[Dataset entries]
"""
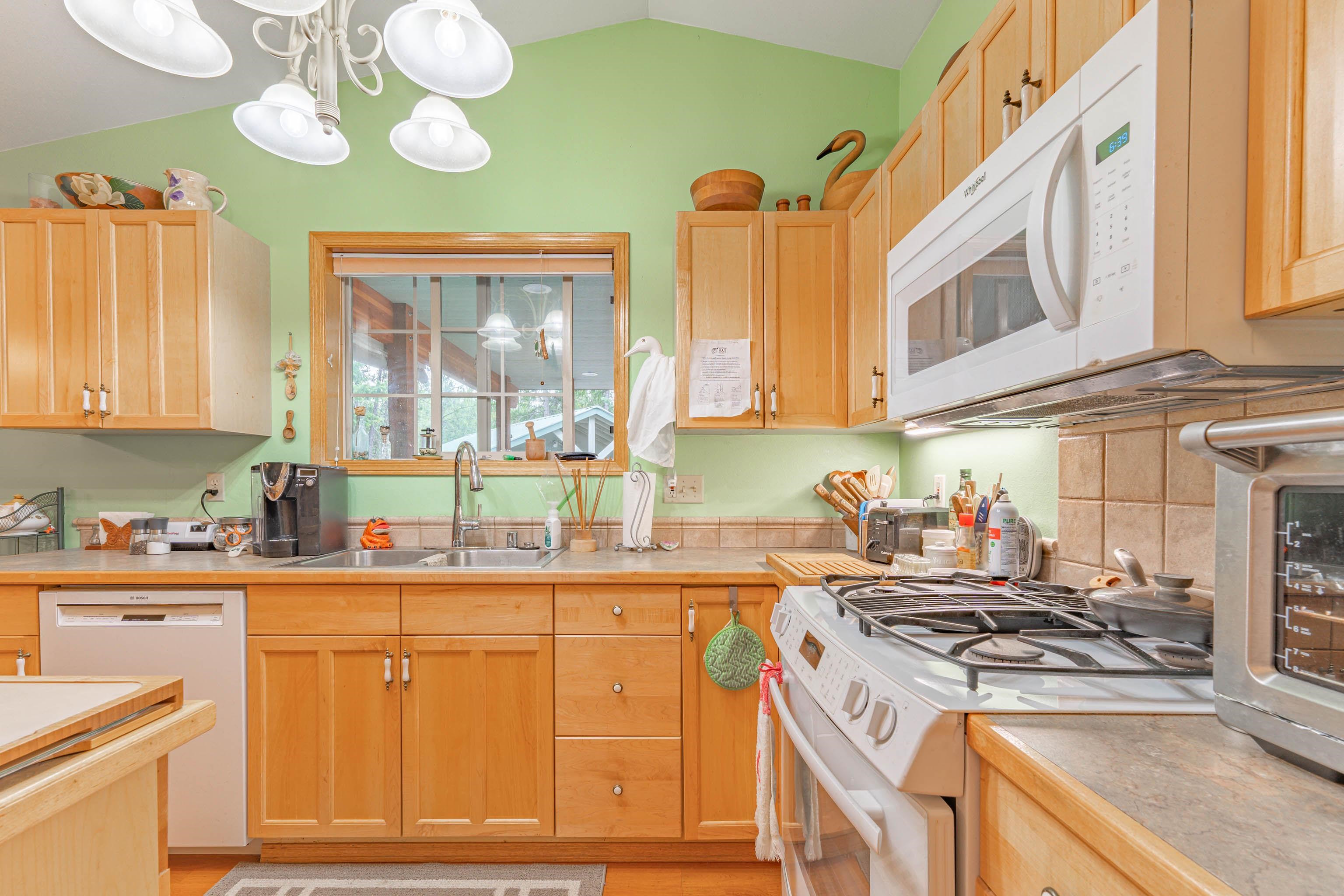 3853 White Pine Road Loon Lake, WA 99148 - Photo 11 of 39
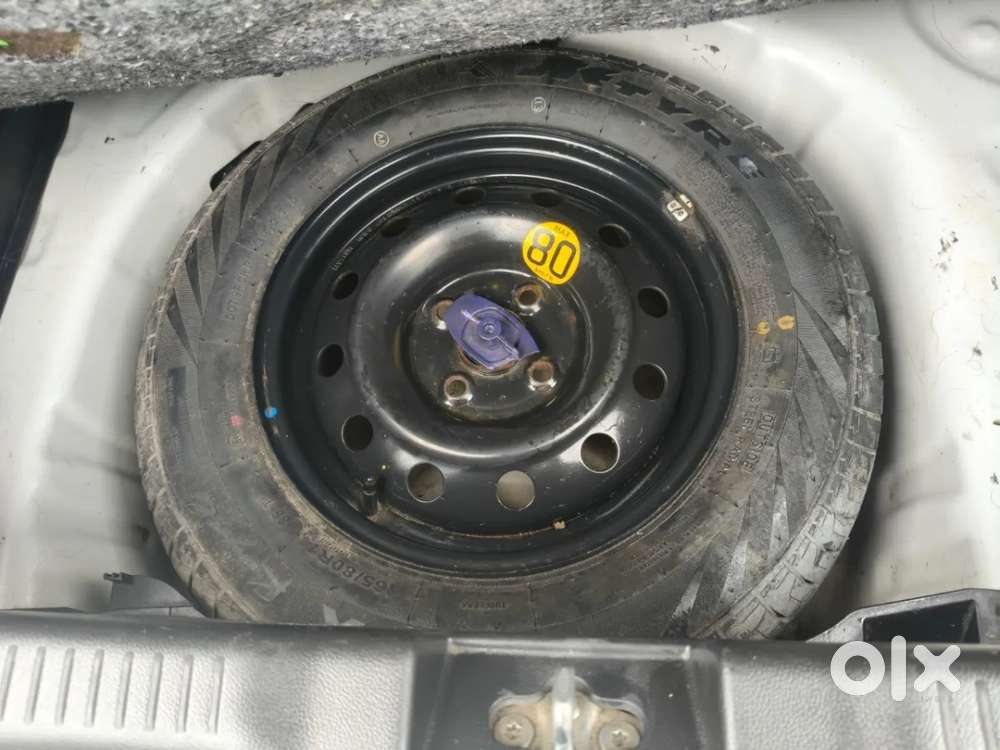 Maruti Suzuki Swift 1.3 Zxi, 2021, Petrol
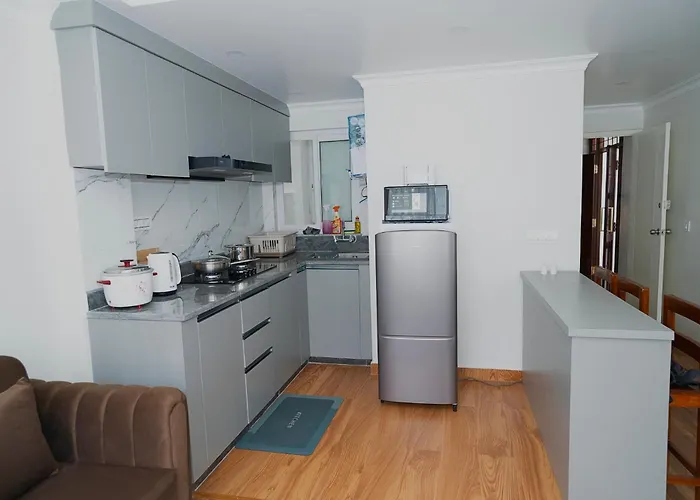 Modern & Cozy 2bhk, Relax In Comfort *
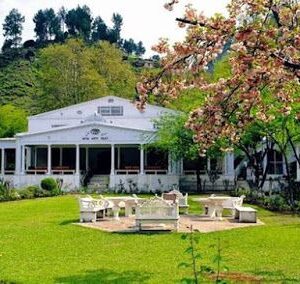white palace marghzar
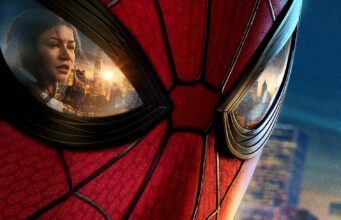Nämä kaikki uutuudet Sony esitteli CinemaCon 2026 -tapahtumassa Erikoislähikuva Spider-Manin maskista, joka korostaa silmien heijastuksia. Vasemmanpuoleisessa silmässä näkyy selkeästi MJ (Zendaya) ja ilta-aurinko, joka laskee New Yorkin horisontin taakse. Oikeanpuoleisessa silmässä heijastuvat kaupungin pilvenpiirtäjät hämärässä. Maskin punainen pinta on kuvioitu verkkokuviolla ja tekstuurilla.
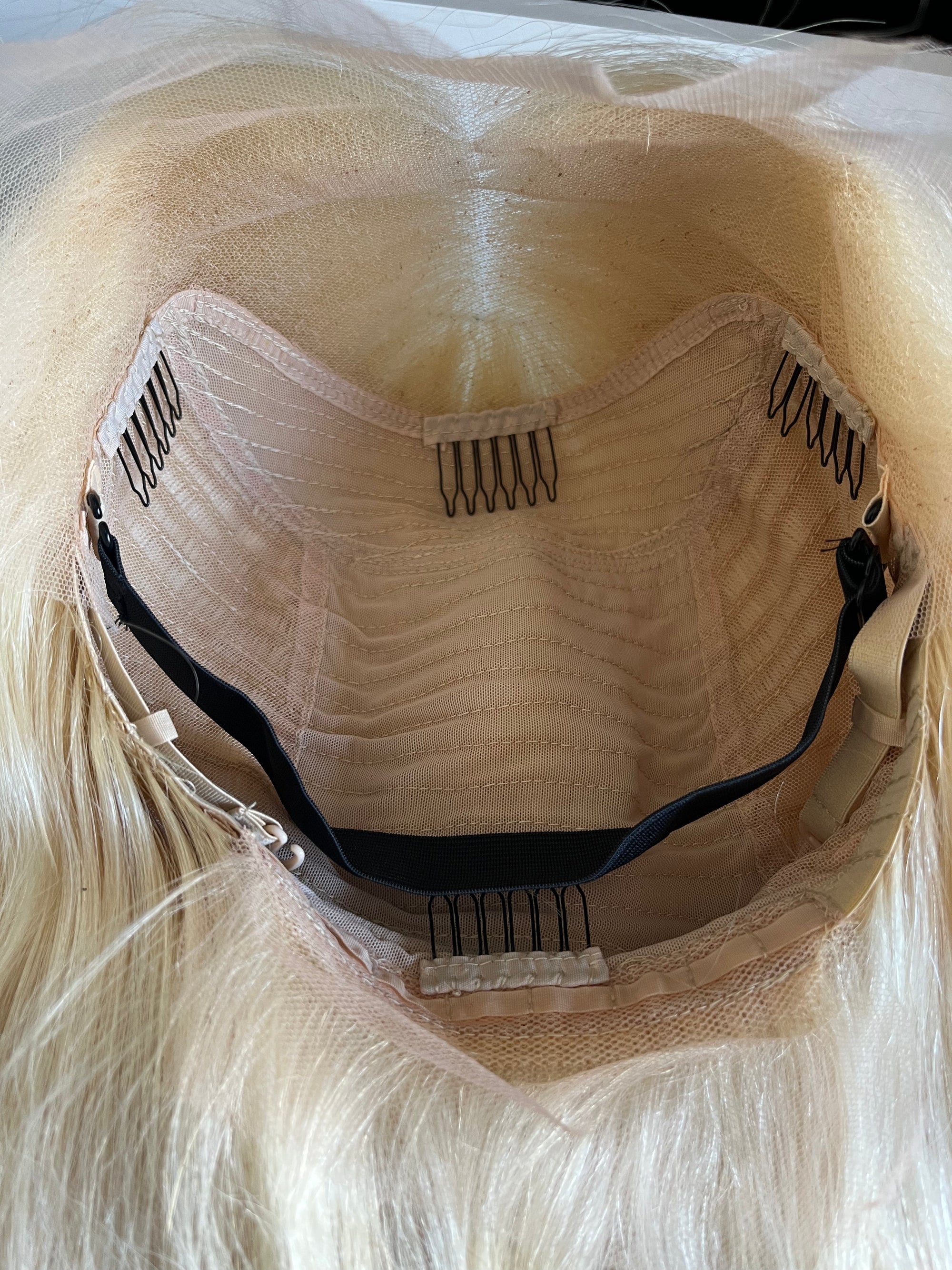 "Lexi" Transparent 14" Lace Front Wig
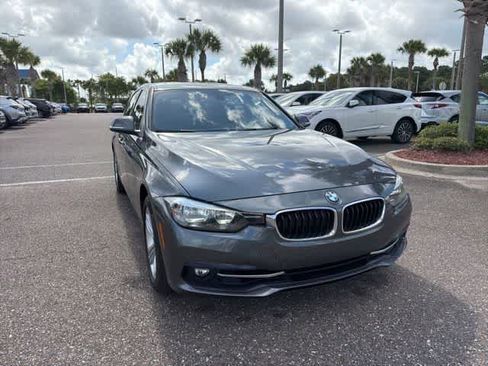Used 2017 BMW 330i xDrive Sedan AWD/4WD image 8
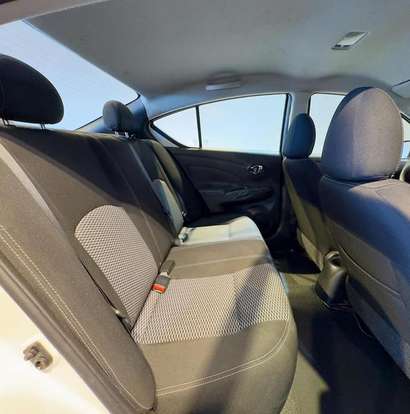NISSAN-VERSA-2019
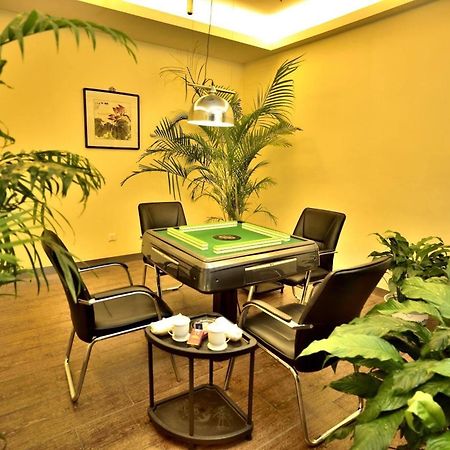 Picturesque Hotel Уси Екстериор снимка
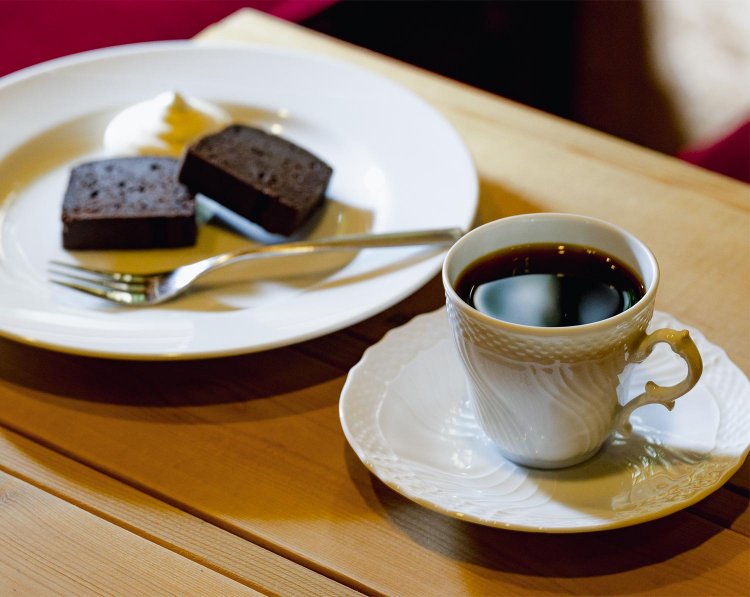 シングルオリジンコーヒー700円〜。甘さを抑えたビターなガトーショコラ500円と。豆の販売もあり。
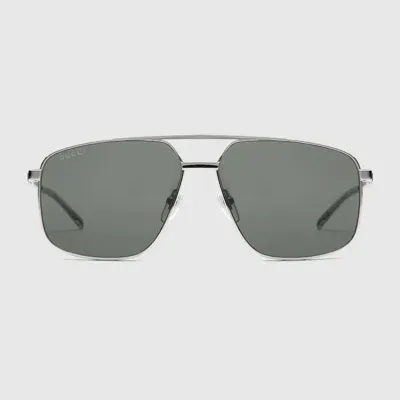 Gucci Navigator Frame Sunglasses In Silver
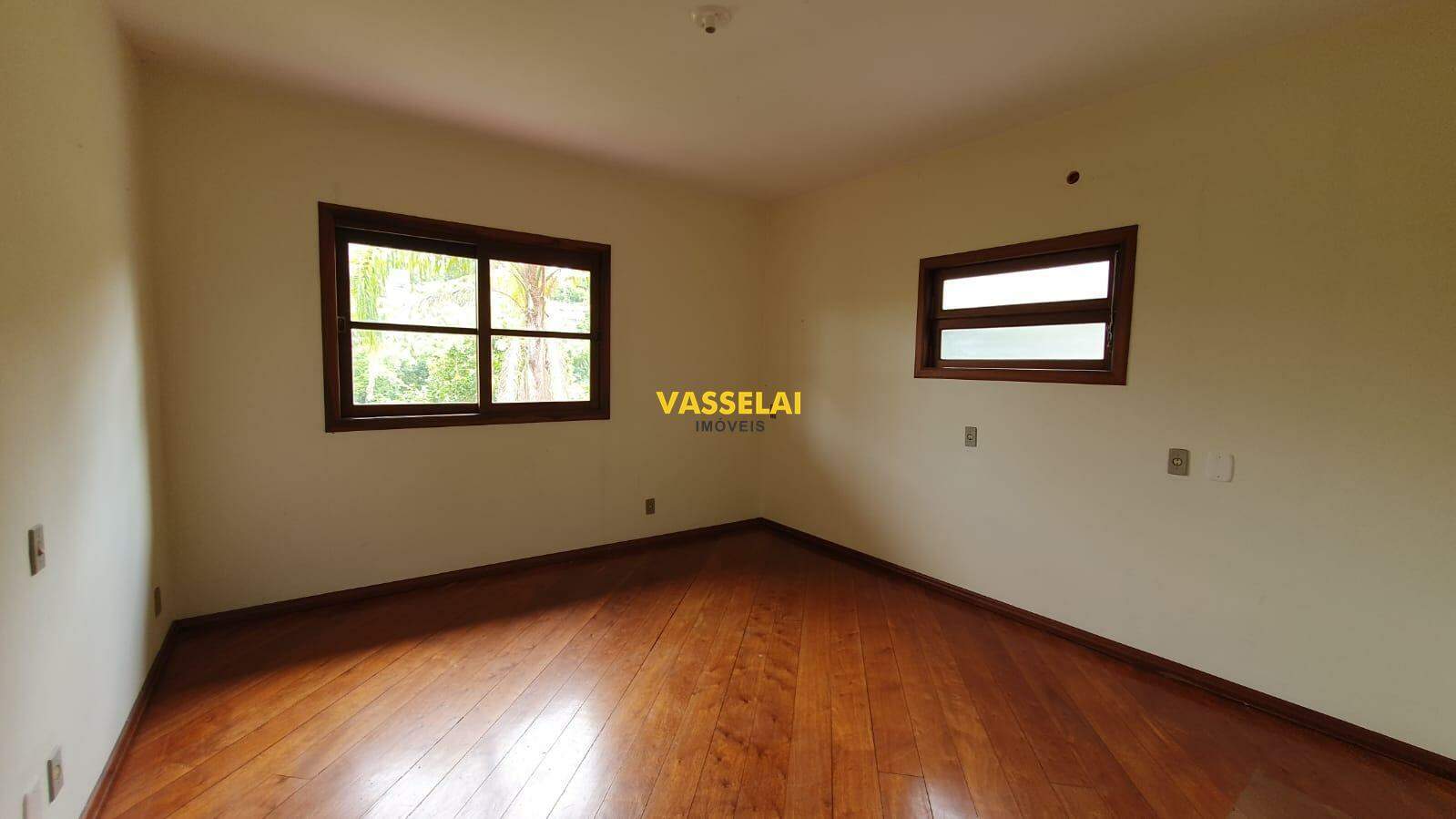 Casa à venda no Eugênio Schneider: 
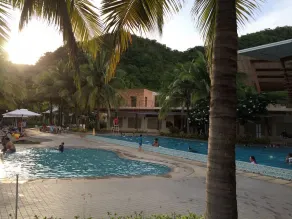 Beach Condos Pico de Loro Hamilo Coast - Piscine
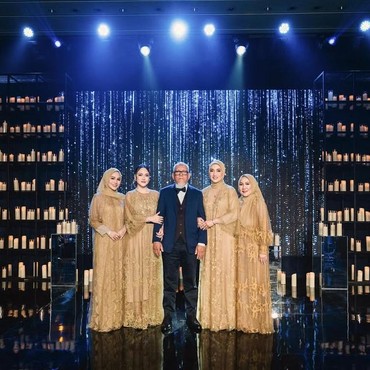 Keluarga Beda Agama, Ini 7 Potret Shandy Aulia Kompak dengan Kakak Muslim di Ultah Ayah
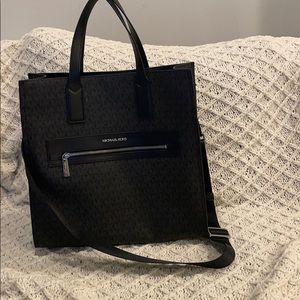 Michael Kors Kenly Large Tote
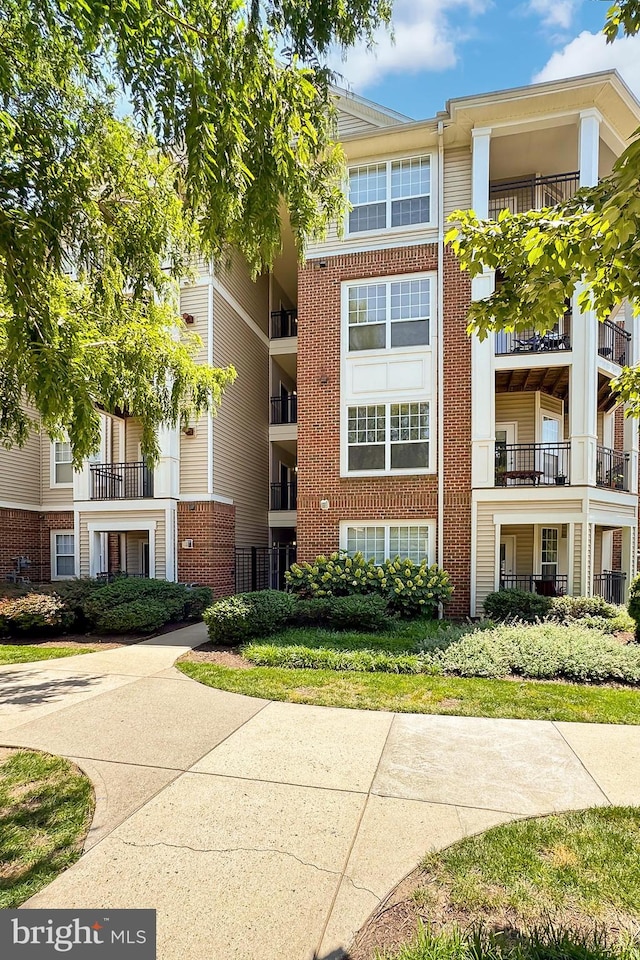 12900 Centre Park Cir Unit 107, Herndon, VA 20171 - view of building exterior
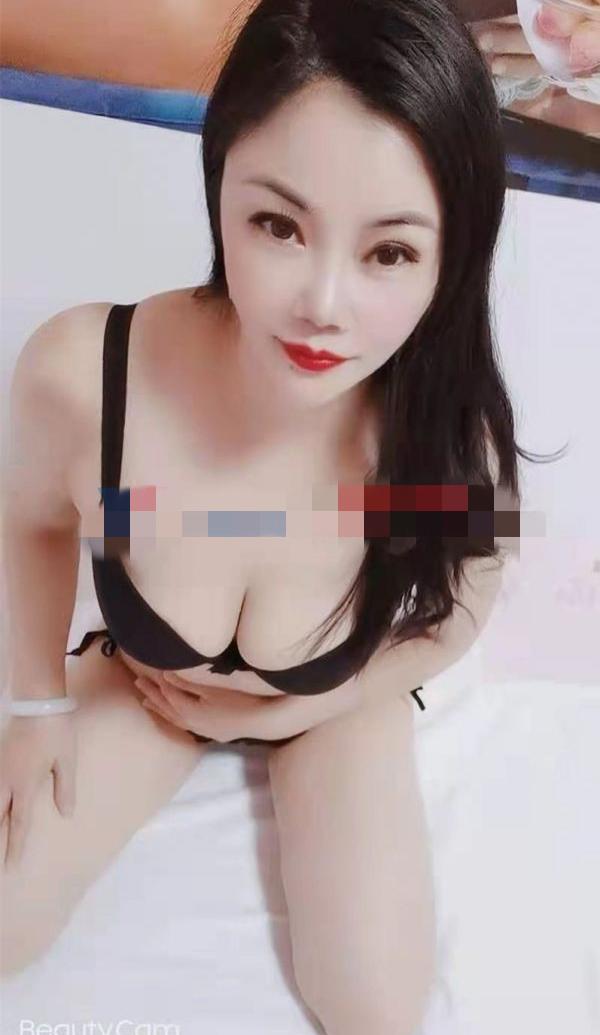 丰满翘臀服务型少妇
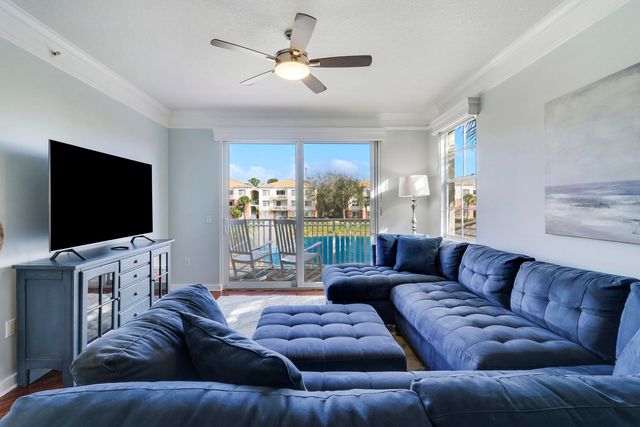 9212 W Myrtlewood Circle W, Palm Beach Gardens, FL 33418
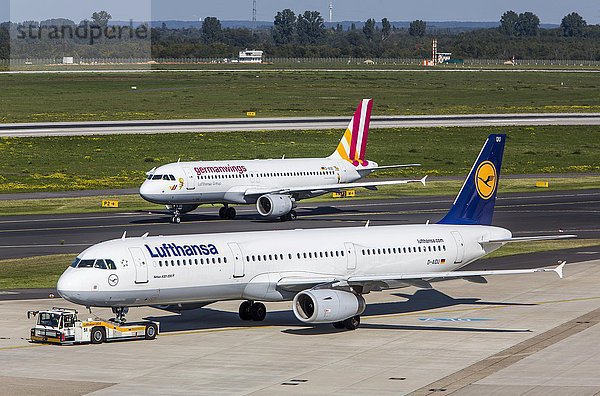 Lufthansa Airbus A321 und Germanwings Airbus A320 auf der Rollbahn  Flughafen Düsseldorf-International  Düsseldorf  Nordrhein-Westfalen  Deutschland  Europa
"""
§ Exercise brief
The lines to copy begin with the one containing "シングルオリジンコーヒー70" and end with the last line of the entries above; copy them exactly, minus the pictures.

§ Response to the exercise
 シングルオリジンコーヒー700円〜。甘さを抑えたビターなガトーショコラ500円と。豆の販売もあり。
 Gucci Navigator Frame Sunglasses In Silver
 Casa à venda no Eugênio Schneider: 
 Beach Condos Pico de Loro Hamilo Coast - Piscine
 Keluarga Beda Agama, Ini 7 Potret Shandy Aulia Kompak dengan Kakak Muslim di Ultah Ayah
 Michael Kors Kenly Large Tote
 12900 Centre Park Cir Unit 107, Herndon, VA 20171 - view of building exterior
 丰满翘臀服务型少妇
 9212 W Myrtlewood Circle W, Palm Beach Gardens, FL 33418
 Lufthansa Airbus A321 und Germanwings Airbus A320 auf der Rollbahn  Flughafen Düsseldorf-International  Düsseldorf  Nordrhein-Westfalen  Deutschland  Europa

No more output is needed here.